Quanto è importante valorizzare le nostre sensibilità per essere ricordati? Come sviluppare il sesto senso, la scintilla che accende le passioni e attira gli interessi in comunicazione? Il fattore umano in comunicazione dove può portarci?

Vorrei partire da un dato concreto: risale all’anno scorso l’indagine Nielsen che sostiene che i messaggi pubblicitari con le migliori risposte emotive generano il 23% in più di volumi di vendita.

Quando ho fondato negli anni ‘90 la prima agenzia cross mediale, nata dall’esigenza di riunire in un'unica struttura tutte le competenze proprie della comunicazione pubblicitaria, sono partito dalla radio per includere poi video e comunicazione digitale.
In quel periodo il multimediale stava vivendo un boom, cominciava a riscuotere successo, ma già qualcuno -me compreso- si stava orientando verso un universo multisensoriale piuttosto che multimediale in senso stretto.

Oggi siamo tutti concordi nell’affermare che stimolare i sensi degli utenti sia una tecnica particolarmente efficace, anche alla luce dei progressi del neuromarketing che confermano quanto le decisioni sull’acquisto vengano prese in gran parte da una porzione del cervello profonda, a livello inconscio.

Per questo credo che la comunicazione emozionale sia l’unico modo per superare la parte razionale ed arrivare lì, dove si genera il desiderio nell’utente finale, che si tramuterà (forse) in acquisto.

Oggi questo modo di pensare in realtà ha generato un format molto diffuso, anche se esposto a diversi punti deboli. In primis questa tendenza ha portato ad una omologazione del tone of voice all’interno di uno stesso settore, dove ogni categoria di prodotto dovrebbe invece avere un suo linguaggio specifico per stuzzicare i sentimenti del target. Questo ha condotto i messaggi verso un’inevitabile un appiattimento creativo. Per emozionare servono pochissimi dati, pochissime informazioni: diversamente oggi quasi sempre gli spot sono invece sovraccarichi di informazioni, a discapito dell’emozione e dell’engagement. A volte addirittura è sufficiente un termine respingente per far crollare una complessa costruzione emozionale elaborata dal reparto creativo.
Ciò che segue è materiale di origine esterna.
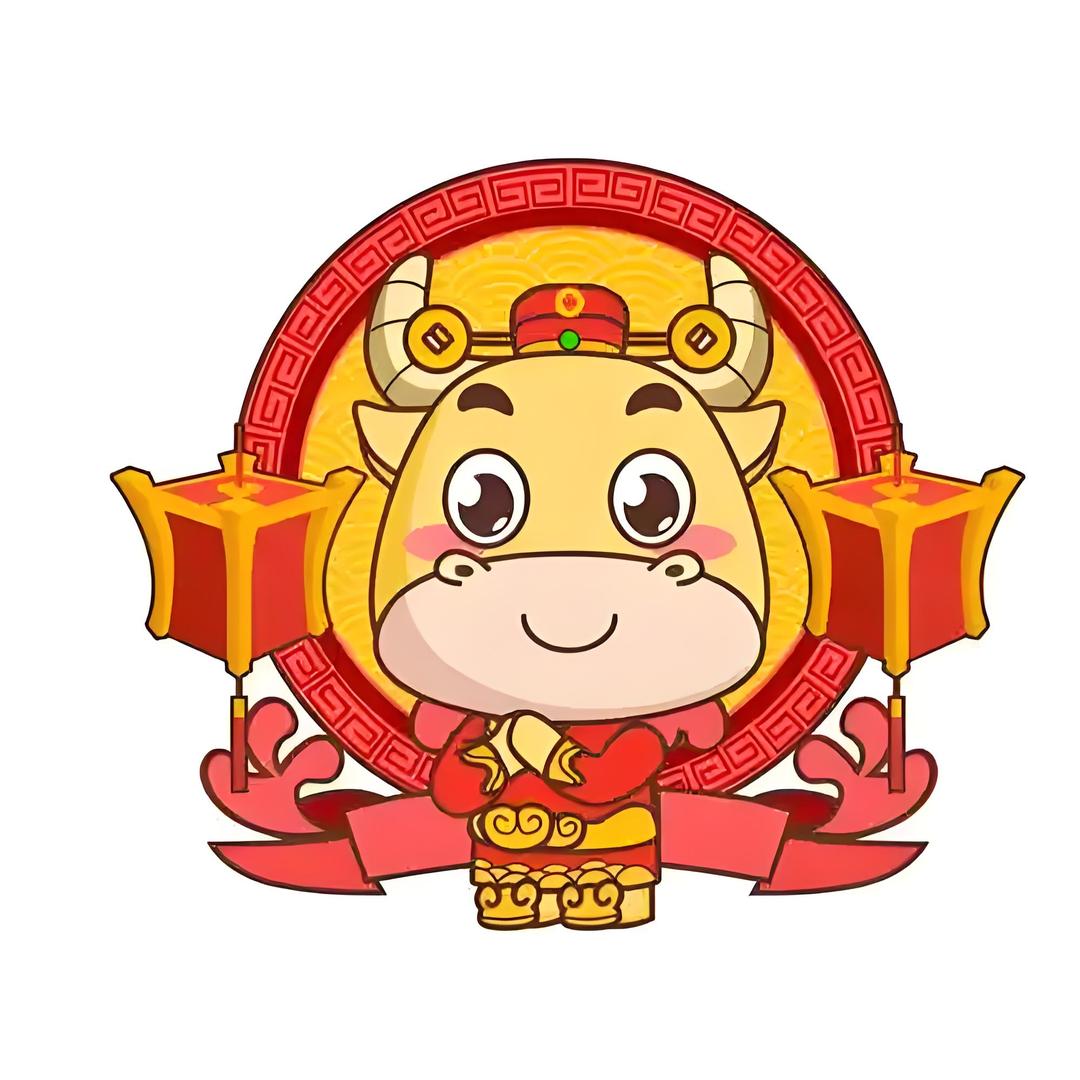 生活好物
Nel nostro lavoro cerchiamo sempre di dare un valore aggiunto alle campagne dei nostri clienti, mettendo al primo posto sempre le emozioni ,cercando di limitare le informazioni non necessarie da trasmettere. Ad esempio i messaggi che puntano a mobilitare l’utente finale, come le call-to-action, oggi molto utilizzate, sono difficili da comunicare a livello emozionale.

Come utilizzare la tecnologia per offrire una comunicazione più completa? Quanto il fattore umano riuscirà a guidare questo cambiamento integrando i rapporti in carne ed ossa con quelli virtuali? Qual è il destino dell’ADV classico in questo senso?

O ggi circola il luogo comune che i social networks possano davvero fare la differenza, purtroppo dati alla mano si scopre che i social in realtà convertono pochissimo, perché i social non sono la panacea. L’engagement non si misura con i follower, anche se il cliente medio resta ancora affascinato dal numero dei like, magari gonfiati da profili falsi… Aggiungere qualcosa nella visione crossmediale di un prodotto non significa per forza migliorare la comunicazione: tutto parte dal posizionamento del marchio e dalla percezione che i clienti hanno del brand.

Il valore dei social oggi sta nel feedback che si riceve, il vero termometro per indicare quale sia il posizionamento preciso del marchio nella percezione degli utenti finali. Oggi in effetti abbiamo a disposizione molti più strumenti di comunicazione rispetto a prima per accedere al successo di un brand, ma ciò non toglie che vadano usati tutti come si deve, rispettando per ognuno il proprio linguaggio.

Il desiderio di approfondimento deve essere lo strumento a disposizione di tutti e naturalmente rimane necessario per soddisfare la propria clientela, gli utenti di oggi passano a setaccio i prodotti, vogliono saperne di più, si informano subito attraverso il web, cercano e condividono recensioni sul valore di un prodotto.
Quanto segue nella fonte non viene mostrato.